Rimini Street counter sues Oracle

Oracle was hit with a counterclaim by Rimini Street, the third-party software maintenance provider it sued in January over alleged intellectual property violations.


Oracle was hit with a counterclaim by Rimini Street, the third-party software maintenance provider it sued in January over alleged intellectual property violations.

Oracle's suit is groundless, anticompetitive and disparaging, Rimini Street said in the response. Rimini Street provides support for SAP and Oracle applications, pledging that customers will save at least 50 percent off their vendor-provided support bills. While third-party support means customers don't receive product upgrades, Rimini Street caters to companies with stable legacy systems and no immediate desire for updates.

Vendors fiercely covet annual software maintenance revenues, which are charged as a percentage of a customer's licence fees and provide steady income even when new business is harder to find. "Software licence updates and product support" accounted for 51 percent of Oracle's total revenue in its most recent quarter, generating $3.3 billion against just $281 million in operating expenses, for a profit margin north of 90 percent.

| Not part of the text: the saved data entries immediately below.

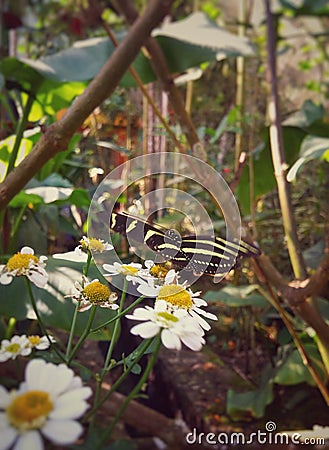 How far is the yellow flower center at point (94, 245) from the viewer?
0.26m

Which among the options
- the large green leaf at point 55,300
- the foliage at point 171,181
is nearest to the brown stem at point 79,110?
the foliage at point 171,181

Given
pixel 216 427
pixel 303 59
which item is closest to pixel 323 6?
pixel 303 59

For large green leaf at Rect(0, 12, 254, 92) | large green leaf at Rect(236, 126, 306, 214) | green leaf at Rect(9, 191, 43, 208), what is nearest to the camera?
green leaf at Rect(9, 191, 43, 208)

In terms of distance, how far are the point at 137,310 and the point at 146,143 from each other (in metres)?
0.39

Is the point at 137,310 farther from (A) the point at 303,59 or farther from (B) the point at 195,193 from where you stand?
(A) the point at 303,59

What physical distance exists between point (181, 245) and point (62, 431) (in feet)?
0.41

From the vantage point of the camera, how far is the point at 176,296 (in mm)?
230

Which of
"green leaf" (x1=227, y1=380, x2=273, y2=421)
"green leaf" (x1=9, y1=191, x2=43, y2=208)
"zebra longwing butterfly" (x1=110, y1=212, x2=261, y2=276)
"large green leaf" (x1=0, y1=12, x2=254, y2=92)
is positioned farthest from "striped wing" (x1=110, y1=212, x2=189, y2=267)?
"large green leaf" (x1=0, y1=12, x2=254, y2=92)

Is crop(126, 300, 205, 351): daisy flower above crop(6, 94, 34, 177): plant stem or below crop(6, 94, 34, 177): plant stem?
below

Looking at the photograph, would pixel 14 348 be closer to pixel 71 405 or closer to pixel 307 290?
pixel 71 405

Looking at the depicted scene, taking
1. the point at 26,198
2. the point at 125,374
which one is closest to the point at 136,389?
the point at 125,374

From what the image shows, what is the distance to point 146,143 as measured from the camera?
58cm

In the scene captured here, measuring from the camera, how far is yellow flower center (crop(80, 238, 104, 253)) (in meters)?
0.26

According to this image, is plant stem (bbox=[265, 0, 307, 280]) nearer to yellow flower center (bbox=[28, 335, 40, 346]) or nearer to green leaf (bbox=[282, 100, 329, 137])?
green leaf (bbox=[282, 100, 329, 137]) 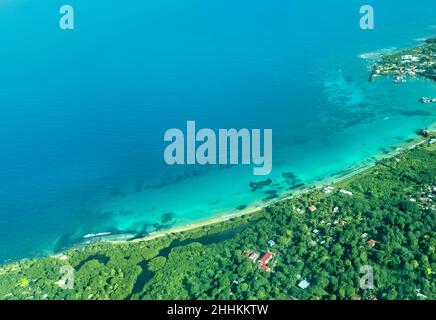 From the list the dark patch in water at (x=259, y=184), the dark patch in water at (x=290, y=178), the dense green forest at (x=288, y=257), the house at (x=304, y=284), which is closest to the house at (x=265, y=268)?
the dense green forest at (x=288, y=257)

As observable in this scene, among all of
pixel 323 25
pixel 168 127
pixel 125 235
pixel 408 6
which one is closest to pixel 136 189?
pixel 125 235

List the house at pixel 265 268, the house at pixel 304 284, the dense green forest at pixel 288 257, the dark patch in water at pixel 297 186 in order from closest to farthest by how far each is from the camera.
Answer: the dense green forest at pixel 288 257, the house at pixel 304 284, the house at pixel 265 268, the dark patch in water at pixel 297 186

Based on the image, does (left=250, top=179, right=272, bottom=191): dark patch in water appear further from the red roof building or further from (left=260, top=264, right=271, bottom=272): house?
(left=260, top=264, right=271, bottom=272): house

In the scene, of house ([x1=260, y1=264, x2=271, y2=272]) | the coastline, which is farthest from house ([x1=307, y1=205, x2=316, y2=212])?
house ([x1=260, y1=264, x2=271, y2=272])

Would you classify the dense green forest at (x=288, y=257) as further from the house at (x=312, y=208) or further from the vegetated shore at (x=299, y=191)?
the vegetated shore at (x=299, y=191)

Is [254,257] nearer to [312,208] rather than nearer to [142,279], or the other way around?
[312,208]

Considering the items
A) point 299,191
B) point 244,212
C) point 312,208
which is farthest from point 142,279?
point 299,191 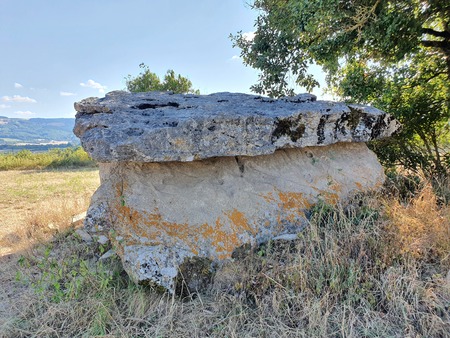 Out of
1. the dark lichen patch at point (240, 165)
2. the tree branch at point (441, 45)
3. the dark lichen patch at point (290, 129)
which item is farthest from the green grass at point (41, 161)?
the tree branch at point (441, 45)

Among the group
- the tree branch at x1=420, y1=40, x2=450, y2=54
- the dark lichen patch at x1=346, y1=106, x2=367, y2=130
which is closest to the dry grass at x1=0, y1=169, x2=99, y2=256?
the dark lichen patch at x1=346, y1=106, x2=367, y2=130

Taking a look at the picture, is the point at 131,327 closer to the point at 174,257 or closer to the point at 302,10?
the point at 174,257

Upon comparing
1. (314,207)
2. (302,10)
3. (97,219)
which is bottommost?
(97,219)

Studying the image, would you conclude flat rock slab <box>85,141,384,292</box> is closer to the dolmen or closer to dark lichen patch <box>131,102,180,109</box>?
the dolmen

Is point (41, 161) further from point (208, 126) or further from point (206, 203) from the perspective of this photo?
point (208, 126)

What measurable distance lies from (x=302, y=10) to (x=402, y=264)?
4365mm

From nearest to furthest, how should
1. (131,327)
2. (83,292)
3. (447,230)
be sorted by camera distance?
(131,327) < (83,292) < (447,230)

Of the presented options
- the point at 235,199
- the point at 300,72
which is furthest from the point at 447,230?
the point at 300,72

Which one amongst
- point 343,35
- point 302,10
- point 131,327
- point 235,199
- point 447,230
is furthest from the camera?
point 343,35

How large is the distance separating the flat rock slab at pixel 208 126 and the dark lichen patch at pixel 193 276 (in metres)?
1.12

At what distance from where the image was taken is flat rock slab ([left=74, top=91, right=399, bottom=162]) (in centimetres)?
312

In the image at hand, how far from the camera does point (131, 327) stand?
2.53m

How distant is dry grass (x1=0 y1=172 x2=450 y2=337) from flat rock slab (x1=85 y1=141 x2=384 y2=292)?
237 mm

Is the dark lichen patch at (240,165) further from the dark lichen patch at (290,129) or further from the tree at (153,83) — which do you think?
the tree at (153,83) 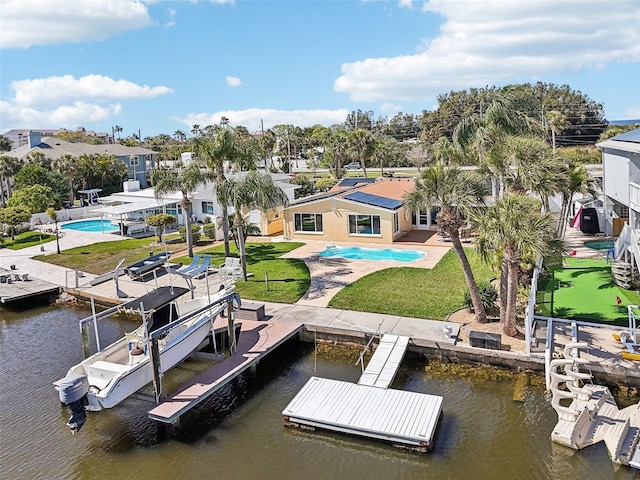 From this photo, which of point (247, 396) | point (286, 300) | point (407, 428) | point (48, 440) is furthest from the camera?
point (286, 300)

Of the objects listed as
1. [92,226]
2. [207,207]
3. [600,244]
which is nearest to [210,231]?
[207,207]

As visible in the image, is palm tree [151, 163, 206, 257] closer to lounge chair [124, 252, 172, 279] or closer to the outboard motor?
lounge chair [124, 252, 172, 279]

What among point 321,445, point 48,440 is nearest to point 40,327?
point 48,440

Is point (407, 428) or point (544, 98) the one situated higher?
point (544, 98)

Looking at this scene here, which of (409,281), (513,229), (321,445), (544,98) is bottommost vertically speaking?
(321,445)

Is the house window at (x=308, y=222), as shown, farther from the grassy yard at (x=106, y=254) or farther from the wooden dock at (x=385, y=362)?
the wooden dock at (x=385, y=362)

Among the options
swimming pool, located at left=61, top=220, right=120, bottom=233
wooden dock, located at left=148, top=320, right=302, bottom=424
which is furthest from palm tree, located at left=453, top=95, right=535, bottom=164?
swimming pool, located at left=61, top=220, right=120, bottom=233

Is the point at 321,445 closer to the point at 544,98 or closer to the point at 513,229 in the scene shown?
the point at 513,229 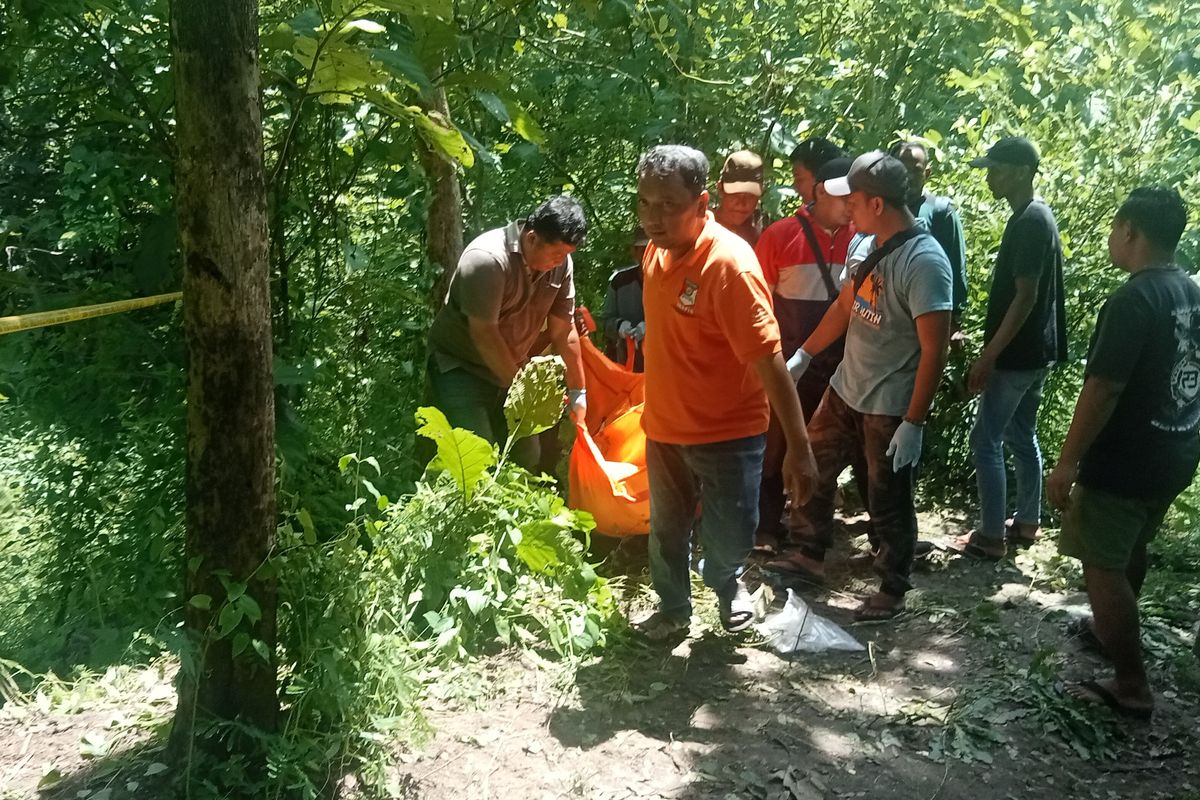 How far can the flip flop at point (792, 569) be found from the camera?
4383 millimetres

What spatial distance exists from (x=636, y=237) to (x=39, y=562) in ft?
11.2

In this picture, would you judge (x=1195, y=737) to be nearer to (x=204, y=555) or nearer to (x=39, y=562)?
(x=204, y=555)

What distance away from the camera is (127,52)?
11.1ft

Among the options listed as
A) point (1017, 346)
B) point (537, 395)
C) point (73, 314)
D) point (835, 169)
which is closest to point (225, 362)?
point (73, 314)

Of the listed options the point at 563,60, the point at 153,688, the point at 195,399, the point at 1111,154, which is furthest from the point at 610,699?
the point at 1111,154

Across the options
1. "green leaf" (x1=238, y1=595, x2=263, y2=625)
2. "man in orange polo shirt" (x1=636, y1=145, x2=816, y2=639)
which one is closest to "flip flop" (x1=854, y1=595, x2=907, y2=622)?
"man in orange polo shirt" (x1=636, y1=145, x2=816, y2=639)

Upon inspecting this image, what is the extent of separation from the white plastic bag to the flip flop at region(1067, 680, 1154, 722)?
815 millimetres

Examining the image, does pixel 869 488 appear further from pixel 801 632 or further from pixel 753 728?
pixel 753 728

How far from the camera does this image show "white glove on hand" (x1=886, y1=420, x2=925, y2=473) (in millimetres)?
3764

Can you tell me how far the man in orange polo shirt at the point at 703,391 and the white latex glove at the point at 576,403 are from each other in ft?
2.58

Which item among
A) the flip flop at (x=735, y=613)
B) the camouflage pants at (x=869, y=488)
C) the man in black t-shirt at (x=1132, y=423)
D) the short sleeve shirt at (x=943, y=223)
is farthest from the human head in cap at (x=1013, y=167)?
the flip flop at (x=735, y=613)

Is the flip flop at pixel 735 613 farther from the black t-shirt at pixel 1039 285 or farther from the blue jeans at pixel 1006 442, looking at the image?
the black t-shirt at pixel 1039 285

Oracle's suit against Rimini Street followed a similar one it filed in 2007 against SAP and its former subsidiary, TomorrowNow, which also offered third-party support for Oracle applications. TomorrowNow workers illegally downloaded software from Oracle's support systems, according to Oracle. SAP has said the employees were authorised to download the materials on behalf of TomorrowNow customers, but also that some "inappropriate downloads" had occurred.

Rimini Street CEO Seth Ravin was a founder of TomorrowNow. Oracle has alleged Rimini Street amounts to a redux of TomorrowNow's "corrupt" business model. Rimini Street "typically logs on to Oracle's password protected Technical Support websites using a customer credential, then downloads Software and Support Materials in excess of the customer's authorisation under its licence agreement," according to Oracle's suit.

The company then uses automatic crawling tools to download Oracle materials "in intentional violation of Oracle's Technical Support website Terms of Use," the complaint states. "These intrusions have damaged Oracle's support services by causing the databases which host the Software and Support Materials to freeze, disrupting their operation and impeding the availability of lawful downloads to Oracle's other customers."

Rimini Street's answer and counterclaim denies wrongdoing on its part. "Oracle had full knowledge that Rimini Street's actions were authorised by Oracle's customers," it states. "Far from acting as 'fraudulent thieves,' Rimini Street has acted legally, openly (and often with Oracle's full cooperation)." In addition, Oracle has been unresponsive to invitations to discuss Rimini's business practices or have them independently vetted, the filing alleges.

Rimini Street also takes "extraordinary efforts... to ensure that Oracle's intellectual property rights are respected," whereas Oracle has conducted a "systematic campaign" against Rimini, including a series of "hostile" letters, the filing states.

"Over the years, Rimini Street responded to each Oracle letter, explained the appropriateness of Rimini Street's practices and procedures, and repeatedly offered to meet and discuss any questions or concerns Oracle might have about Rimini Street's processes and procedures," it states. Rimini admitted it has used automated downloading tools, but said they were necessary "because Oracle refused to help its customers identify and take delivery of such large volumes of materials."